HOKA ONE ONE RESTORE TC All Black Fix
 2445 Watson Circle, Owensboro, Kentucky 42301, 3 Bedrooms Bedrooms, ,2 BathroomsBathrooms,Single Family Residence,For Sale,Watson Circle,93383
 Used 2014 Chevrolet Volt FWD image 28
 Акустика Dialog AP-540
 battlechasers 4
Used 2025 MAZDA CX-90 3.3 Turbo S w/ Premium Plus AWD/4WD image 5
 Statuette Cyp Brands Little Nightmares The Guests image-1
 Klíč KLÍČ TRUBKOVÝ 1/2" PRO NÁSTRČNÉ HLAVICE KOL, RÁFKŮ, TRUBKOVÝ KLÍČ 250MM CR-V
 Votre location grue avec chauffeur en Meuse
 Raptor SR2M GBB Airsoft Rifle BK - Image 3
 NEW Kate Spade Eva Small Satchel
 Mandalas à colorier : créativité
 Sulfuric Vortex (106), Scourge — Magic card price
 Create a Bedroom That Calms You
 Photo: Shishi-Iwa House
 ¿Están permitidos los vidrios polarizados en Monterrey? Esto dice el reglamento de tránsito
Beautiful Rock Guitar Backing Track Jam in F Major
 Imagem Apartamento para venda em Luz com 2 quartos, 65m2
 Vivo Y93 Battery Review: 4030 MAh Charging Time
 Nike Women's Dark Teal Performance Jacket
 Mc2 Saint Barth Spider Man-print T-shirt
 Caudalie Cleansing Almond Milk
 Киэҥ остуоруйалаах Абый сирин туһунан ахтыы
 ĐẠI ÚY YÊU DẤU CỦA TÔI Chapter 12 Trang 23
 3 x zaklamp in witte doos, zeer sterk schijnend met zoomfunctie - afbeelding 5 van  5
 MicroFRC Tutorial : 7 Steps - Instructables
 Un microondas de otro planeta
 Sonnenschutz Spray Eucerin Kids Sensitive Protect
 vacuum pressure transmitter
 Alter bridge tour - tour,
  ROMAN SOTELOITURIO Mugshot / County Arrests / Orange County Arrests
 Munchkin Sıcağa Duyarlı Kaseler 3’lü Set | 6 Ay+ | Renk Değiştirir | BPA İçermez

────────────────────────────────────────

**EXERCISE GOAL**: Return nothing but the lines from the top of the records above through the line that has "Sonnenschutz Spray Eucerin". Keep each one exact.

**EXPECTED ANSWER**:
HOKA ONE ONE RESTORE TC All Black Fix
 2445 Watson Circle, Owensboro, Kentucky 42301, 3 Bedrooms Bedrooms, ,2 BathroomsBathrooms,Single Family Residence,For Sale,Watson Circle,93383
 Used 2014 Chevrolet Volt FWD image 28
 Акустика Dialog AP-540
 battlechasers 4
Used 2025 MAZDA CX-90 3.3 Turbo S w/ Premium Plus AWD/4WD image 5
 Statuette Cyp Brands Little Nightmares The Guests image-1
 Klíč KLÍČ TRUBKOVÝ 1/2" PRO NÁSTRČNÉ HLAVICE KOL, RÁFKŮ, TRUBKOVÝ KLÍČ 250MM CR-V
 Votre location grue avec chauffeur en Meuse
 Raptor SR2M GBB Airsoft Rifle BK - Image 3
 NEW Kate Spade Eva Small Satchel
 Mandalas à colorier : créativité
 Sulfuric Vortex (106), Scourge — Magic card price
 Create a Bedroom That Calms You
 Photo: Shishi-Iwa House
 ¿Están permitidos los vidrios polarizados en Monterrey? Esto dice el reglamento de tránsito
Beautiful Rock Guitar Backing Track Jam in F Major
 Imagem Apartamento para venda em Luz com 2 quartos, 65m2
 Vivo Y93 Battery Review: 4030 MAh Charging Time
 Nike Women's Dark Teal Performance Jacket
 Mc2 Saint Barth Spider Man-print T-shirt
 Caudalie Cleansing Almond Milk
 Киэҥ остуоруйалаах Абый сирин туһунан ахтыы
 ĐẠI ÚY YÊU DẤU CỦA TÔI Chapter 12 Trang 23
 3 x zaklamp in witte doos, zeer sterk schijnend met zoomfunctie - afbeelding 5 van  5
 MicroFRC Tutorial : 7 Steps - Instructables
 Un microondas de otro planeta
 Sonnenschutz Spray Eucerin Kids Sensitive Protect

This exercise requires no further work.